(DATA FOR ANALYSIS):
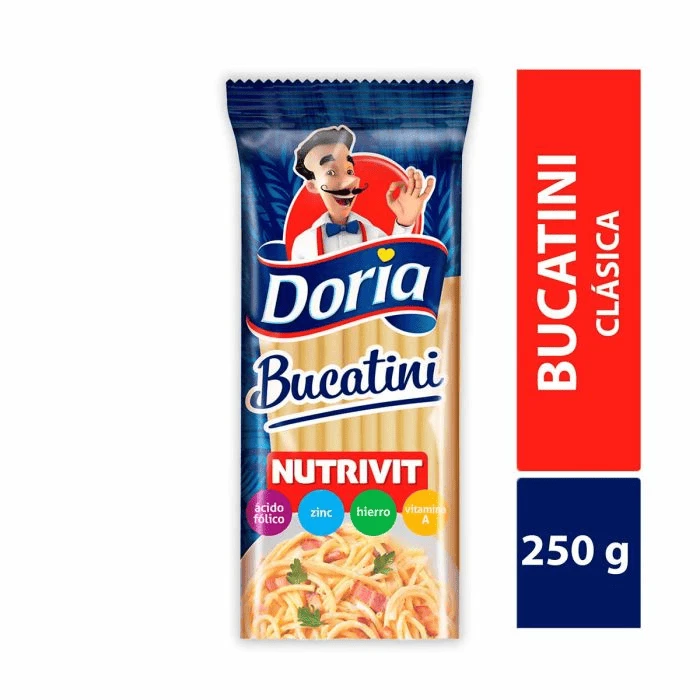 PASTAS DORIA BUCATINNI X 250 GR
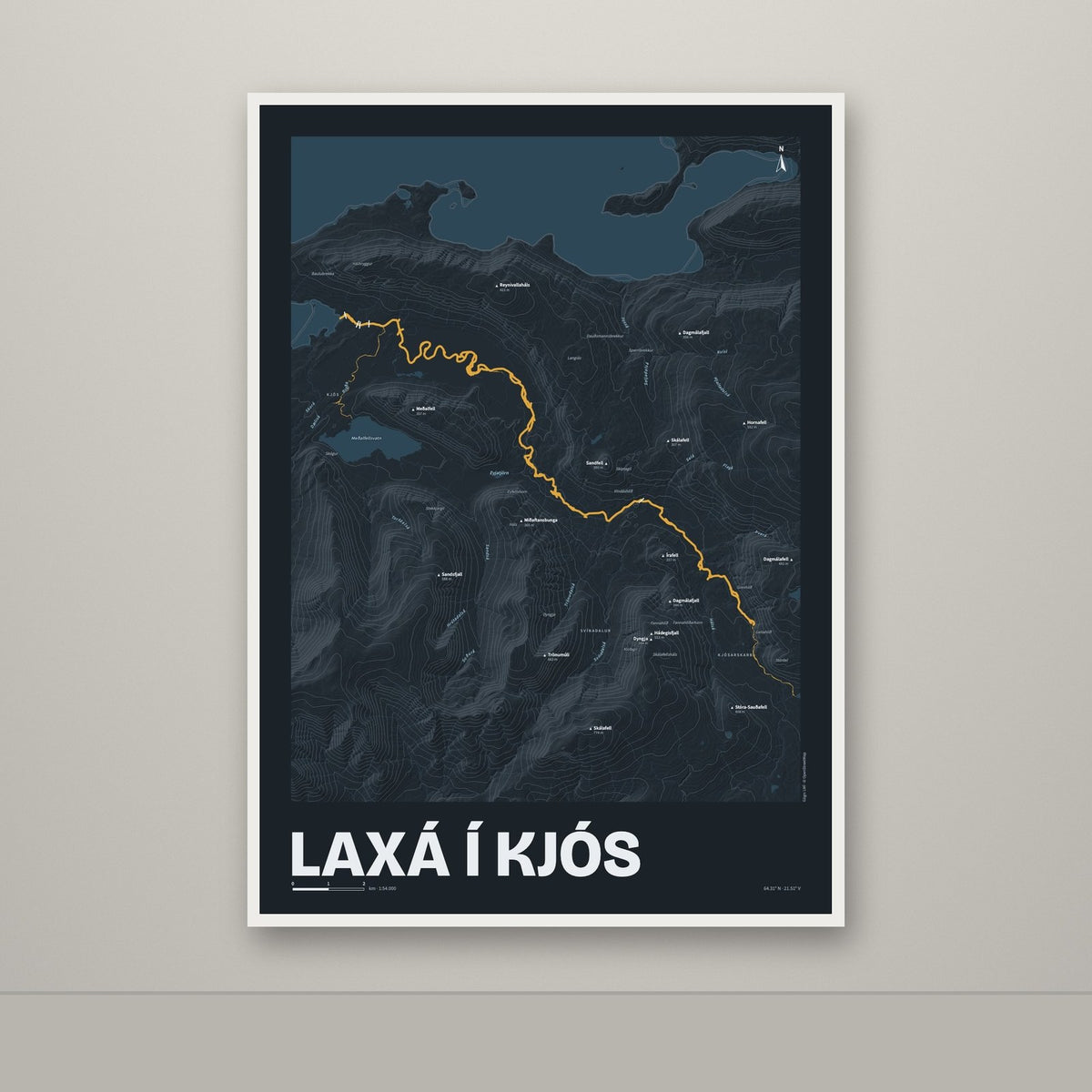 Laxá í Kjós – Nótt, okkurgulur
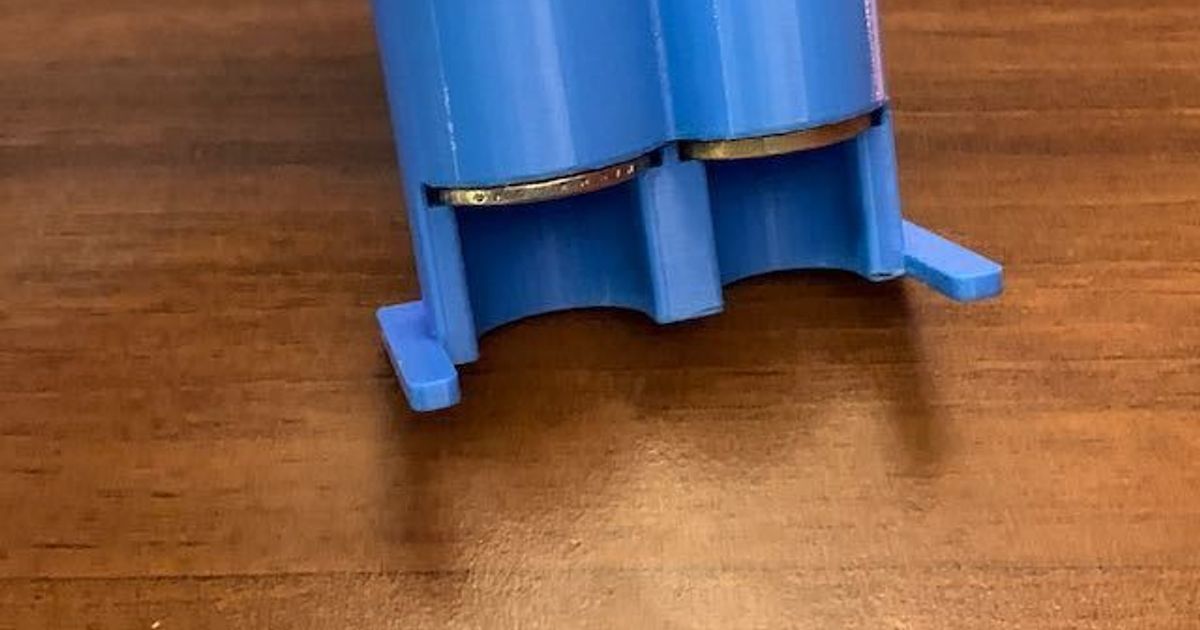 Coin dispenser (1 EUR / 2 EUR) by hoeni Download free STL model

==

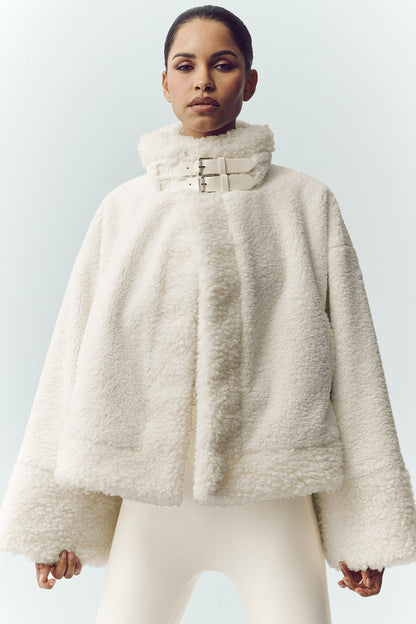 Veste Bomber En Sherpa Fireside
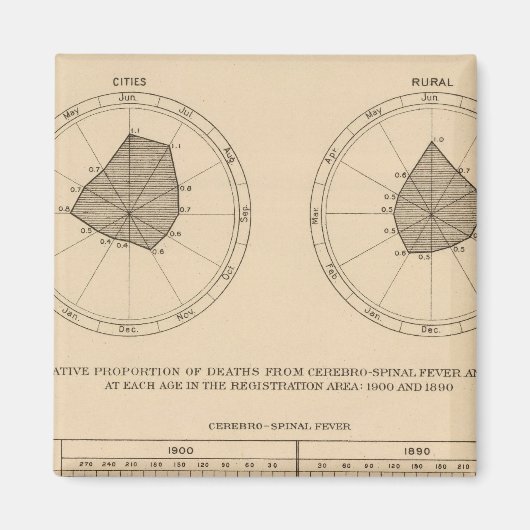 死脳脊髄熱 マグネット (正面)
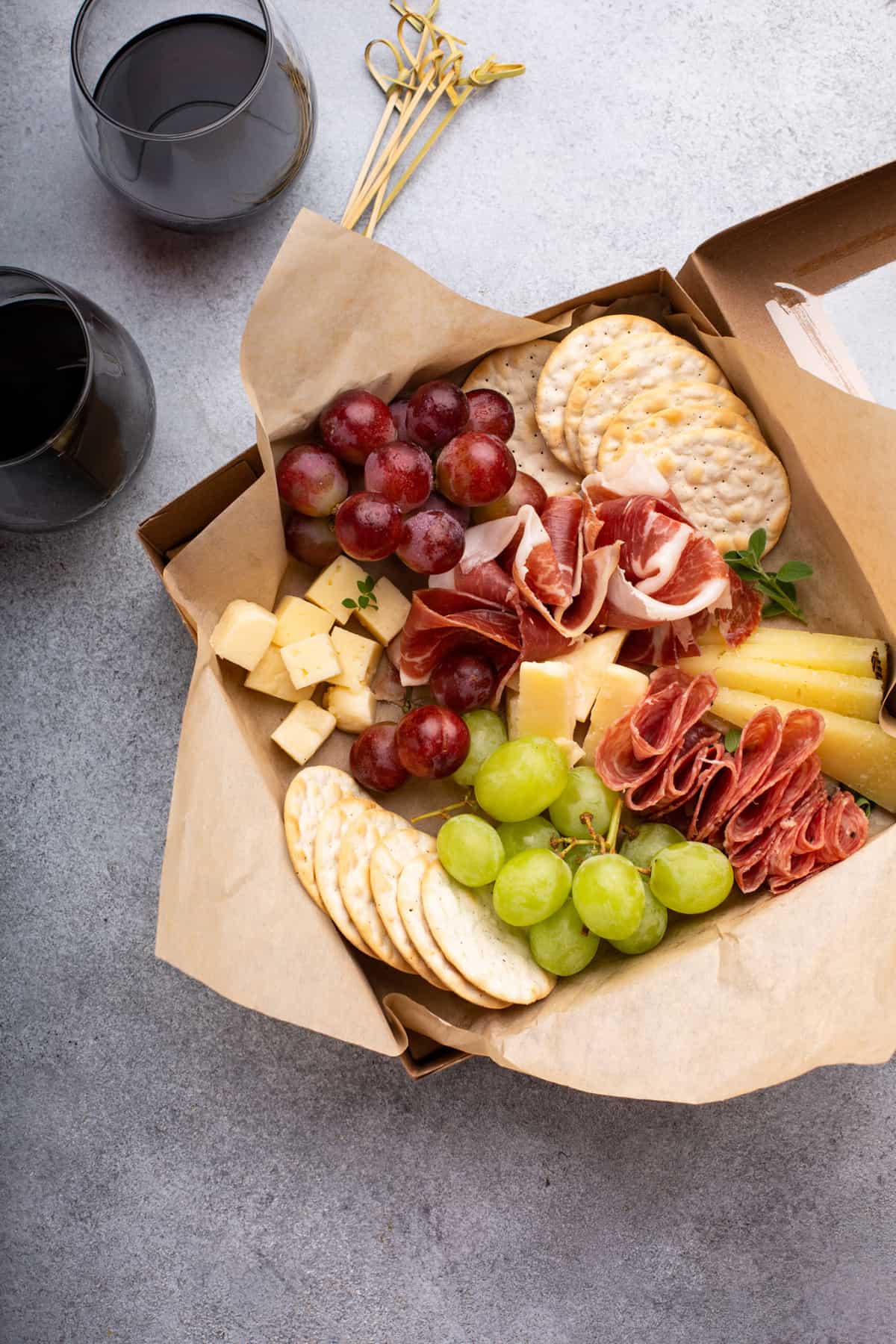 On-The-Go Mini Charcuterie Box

...

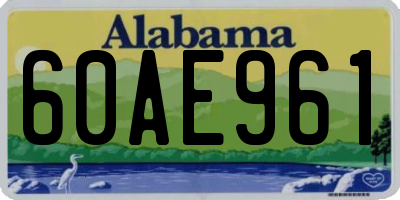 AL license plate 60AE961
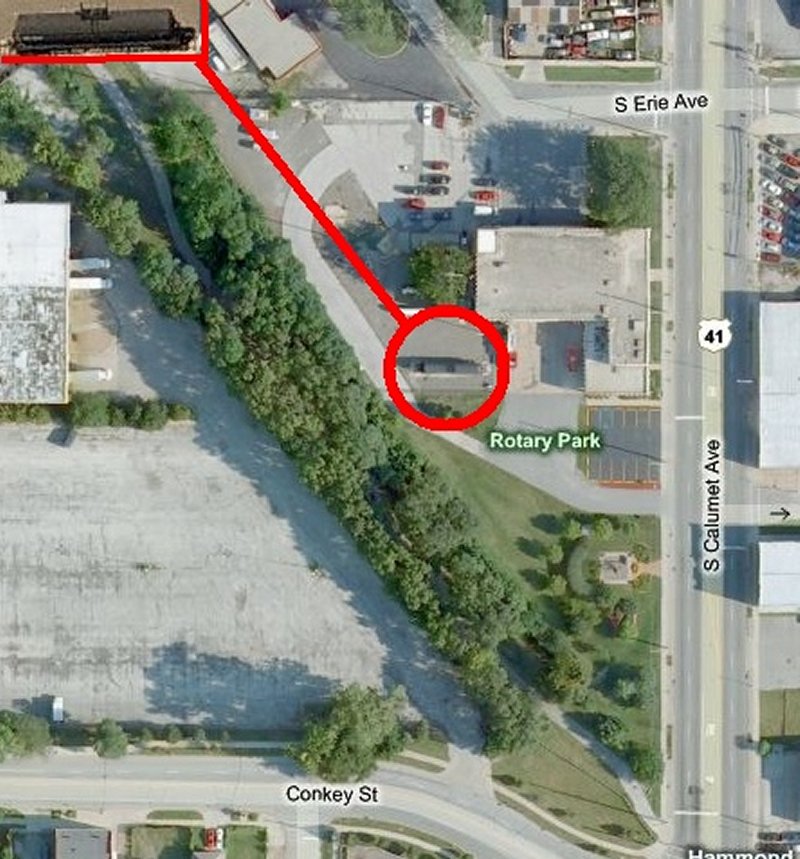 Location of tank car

(ACTIVITY): Within the entries above, the lines from the one containing "PASTAS DORIA BUCATINNI X 250 GR" through the one containing "Coin dispenser (1" are to be transcribed exactly, ends included, pictures excluded.

(SOLUTION FOR THIS TASK):
 PASTAS DORIA BUCATINNI X 250 GR
 Laxá í Kjós – Nótt, okkurgulur
 Coin dispenser (1 EUR / 2 EUR) by hoeni Download free STL model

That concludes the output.